Rapid urbanization has led to compact cities characterized by vertical structures and complex layouts. These structures influence the urban wind environment (UWE), generating complex airflow patterns and heightened turbulence due to the uneven and heterogeneous distribution of buildings. The UWE plays a critical role in building energy performance by affecting natural ventilation, air infiltration, and convective heat transfer across building envelopes. Despite its importance, most current building energy simulation (BES) tools do not account for the effects of UWE on energy consumption in buildings situated within varying urban configurations. To address this gap, the present study investigates how urban form influences energy performance in a mid-rise district of Amman, Jordan.

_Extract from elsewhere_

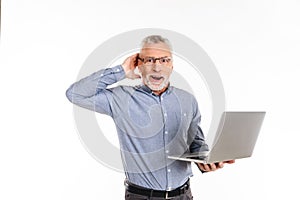 Happy man holding laptop computer and looking camera with opened mouth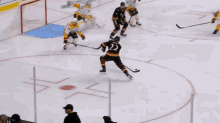 a hockey game is being played in front of a sunrise advertisement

A representative building was selected and analyzed within five subregions, each exhibiting distinct physical characteristics-including variations in block number, average height, and built-up area-reflecting a range of urban morphologies. Computational Fluid Dynamics (CFD) simulations were conducted under multiple wind directions and speeds to evaluate wind velocity, surface pressure coefficients (Cp), and convective heat transfer coefficients (CHTCs) around the building. These data were then transferred to DesignBuilder for a comprehensive building energy performance analysis on a single representative hottest day. The findings reveal that urban morphology significantly modifies wind flow patterns, affecting wind speed, CHTC, and Cp distribution. Incorporating CFD-derived CHTC values into the BES model showed that building energy consumption could increase by as much as 49 %.